その荒い吐息も、重くのしかかる肉体も、濃厚な奔流も、シェリーはすべて受け止めた。
鼓動も呼吸も体温も溶けあって一つになる。
しばらくの間、2人はお互いの熱だけを頼りに余韻の波間を漂った。
やがて、どちらからともなく漏れた息に自分を取り戻すと、一つずつ、結んでいた手や腕を放す。
最後にケンニヒの身体が離れると、完全に力を失ったシェリーはずるずるとその場に崩れ落ちた。ケンニヒの腕がそれを支えたが、シェリーは再び立ち上がる気力もなく、結局2人で床の上に座り込む。
浅く息をつきながら、シェリーは彼の厚い胸板に身体を預けた。汗で張り付いた服の上から相手の肌をなでる。力強く鼓動する心臓の辺りに手をやり、そこで拳を作る。とたんに、彼女はかっと目を見開いた。顔を上げてケンニヒをにらむ。
「答えろ、誰の入れ知恵だ」
どん、とそこを叩く。肺にまで響いた衝撃をおくびにも出さず、ケンニヒは答えた。
「さあな」
「とぼけるな。お前がこんなに気が利くはずがない」
その牙で噛みつかんばかりに、シェリーは相手に顔を近付けた。これ以上しらばくれるようなら今すぐ、彼の胸に穴を開けて心臓をえぐり出してやると、そういうつもりでいる。さすがにそれを甘んじて受けるつもりはなく、ケンニヒはその手首を掴むと、怒気に盛る彼女の瞳をのぞき込んだ。
「誰でもいい、思いつく限り挙げてみろ。大抵当たる」
その言葉に一瞬鼻白んで、それからすぐシェリーはケンニヒの手を振り払った。それを再び彼の胸に当てることはせず、まるで痛むかのように眺める。頭の中に、いくつも名前が浮かんでは消える。近衛や侍女、側近や家臣、親戚ら、10人を過ぎた辺りで見当をつけることをあきらめて、彼女はケンニヒをにらんで別の不満を挙げた。
「何で、皆お前に言うんだ」
「それは俺のセリフだ」
即座に返される。
眉尻を寄せて顔を横に向けると、口の中だけで、シェリーは不平を転がした。それが何故か、ケンニヒには猫が鳴くように聞こえる。ぶつくさと文句を言うその横顔を、ケンニヒは眺めていた。

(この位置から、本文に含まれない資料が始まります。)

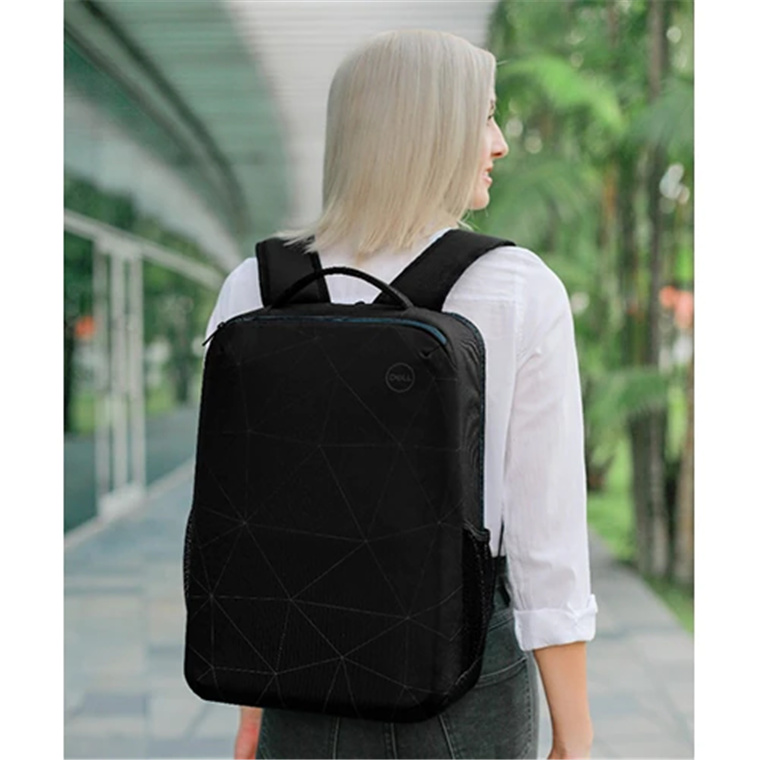 Dell Essential Commuter Backpack for 15.6" Laptops Lightweight & Comfortable to Carry for Travel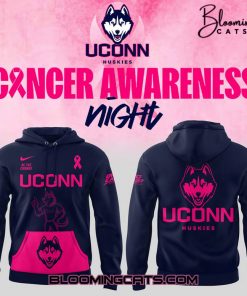 UConn Huskies x Fight Night Cancer Limited Edition Hoodie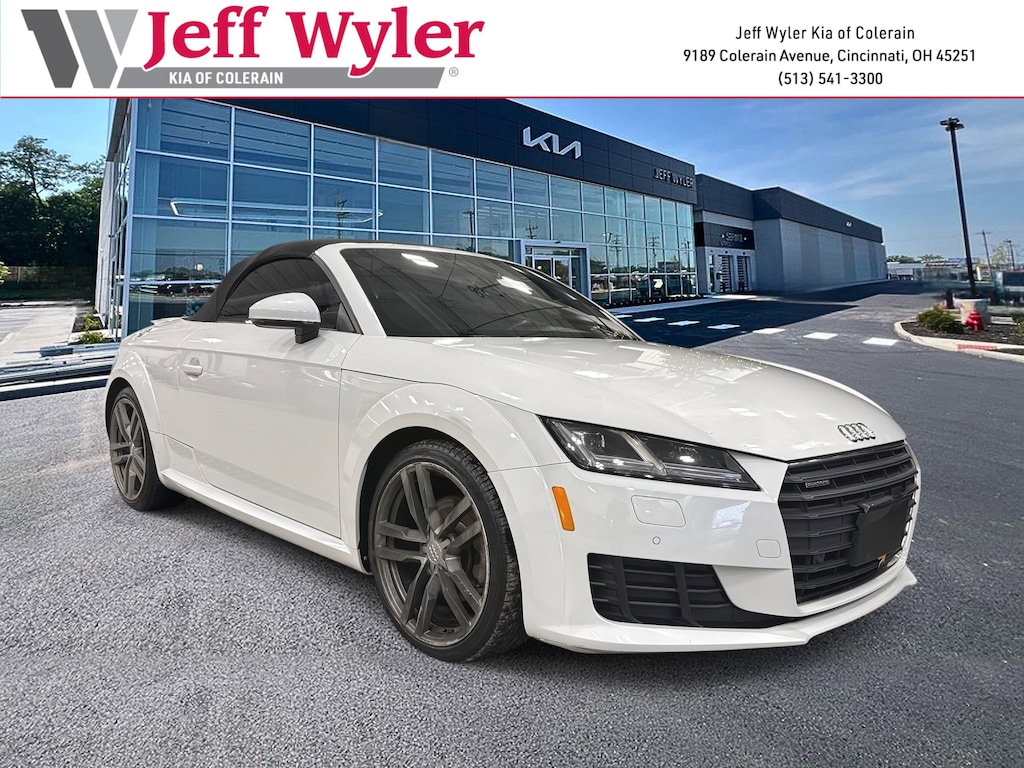 Used 2016 Audi TT 2.0T Roadster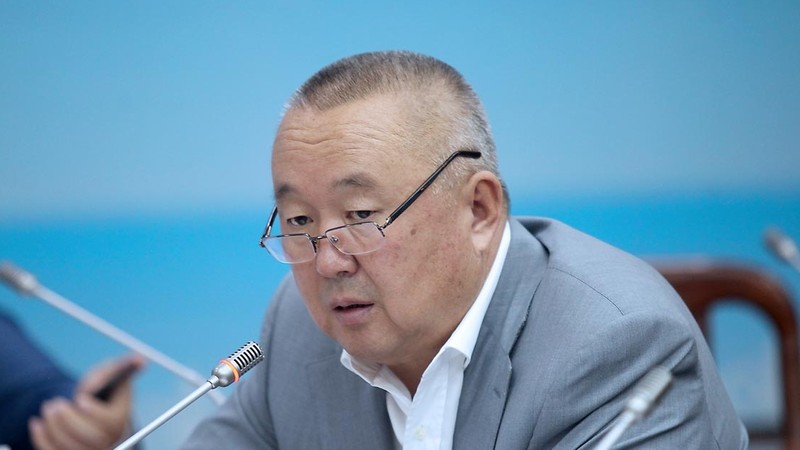 Сайдулла Нышанов Жогорку Кеңештин депутаты: “Апам бүткүл өмүрүн бизге арнаптыр”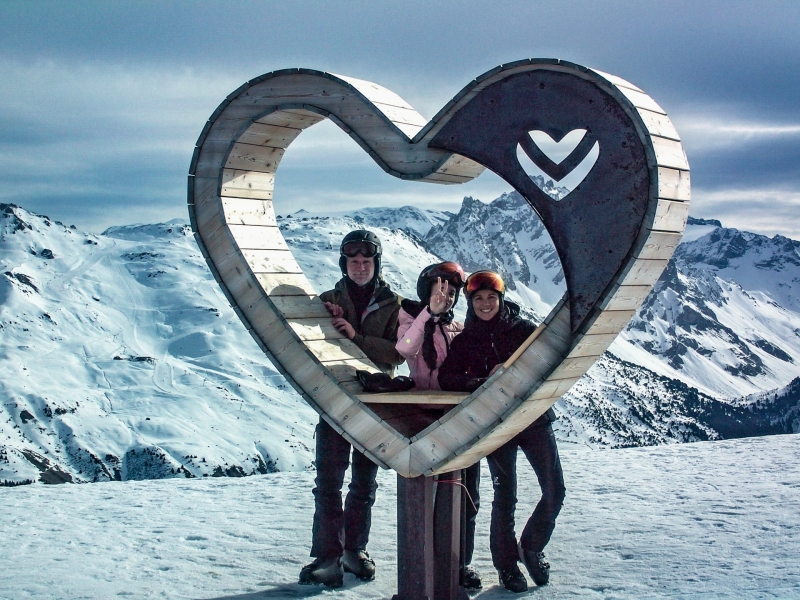 Les Trois Vallees Skien met kinderen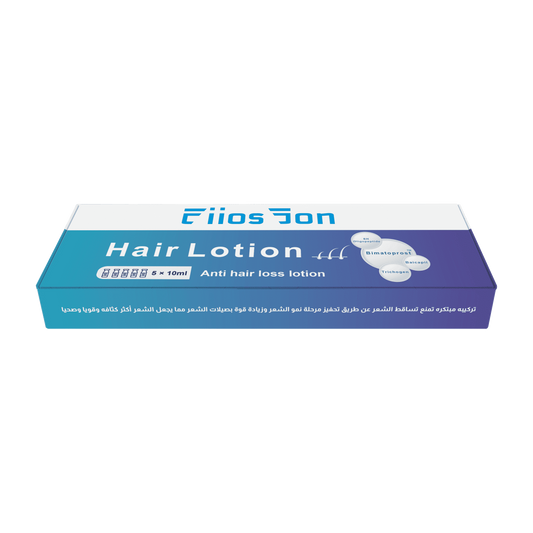 Eiios Son hair lotion            (vials) 5 x 10 ml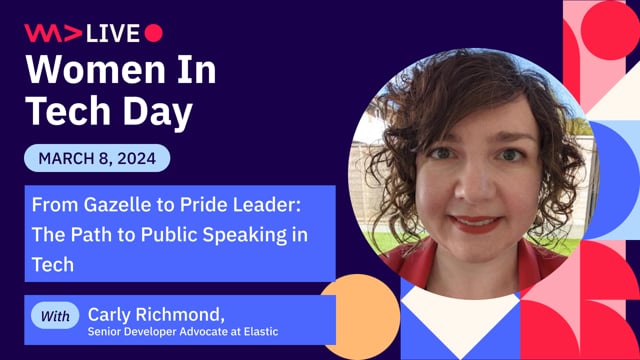 From Gazelle to Pride Leader: The Path to Public Speaking in Tech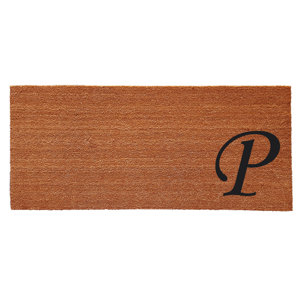 Decaro Monogram Doormat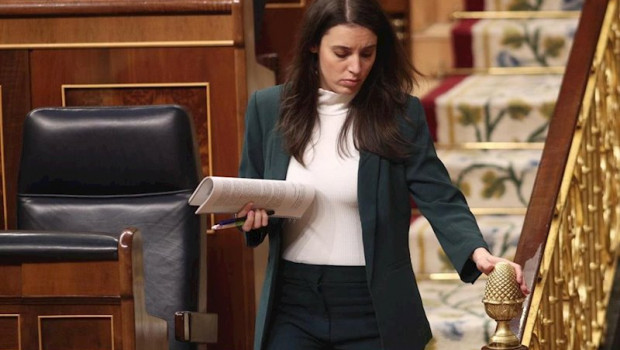 ep la ministra de igualdad irene montero en el congreso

ややあってシェリーの目は一度固く閉じられ、再び開いたときには分別をつけたような光を宿していた。
「支度が終わったら、近衛達を呼べ」
そのくせ、不遜に宣言する。
「私に使われたいと言ったんだ。せいぜい働かせてやる」
「そうしろ」
その頭を自分の胸にあて、ケンニヒは大きな手で撫でた。シェリーは一瞬抵抗をみせたが、素直に、今度こそ身を預ける。全く動けないわけではないが、やはり今すぐ動く気になれないほどには疲労している。ケンニヒはそんな彼女の腰に手をやると自分の方に引き寄せた。流れるような動作で重心をずらして、上半身を床に押し倒す。
「――待て!」
完全に意表を突かれて、シェリーはケンニヒの服の肩の辺りを握った。迫ってくる彼の身体を押し返そうとするが、上と下とでは話にならない。両手で彼女の頬を包み、真っ直ぐにシェリーを見下ろして、ケンニヒは言った。
「俺の仕事は終わった。少しは楽しませろ」
仕事のつもりだったのかとか、これまでも十分楽しんだじゃないかとか、相手の理不尽さにシェリーの思考が止まる。どの苦情から言うべきか選択できない内に唇をふさがれ、シェリーは声にならない声をあげた。
廊下にへたり込む侍女見習いが執務室に呼び戻されるまで、まだしばらくの時間を要した。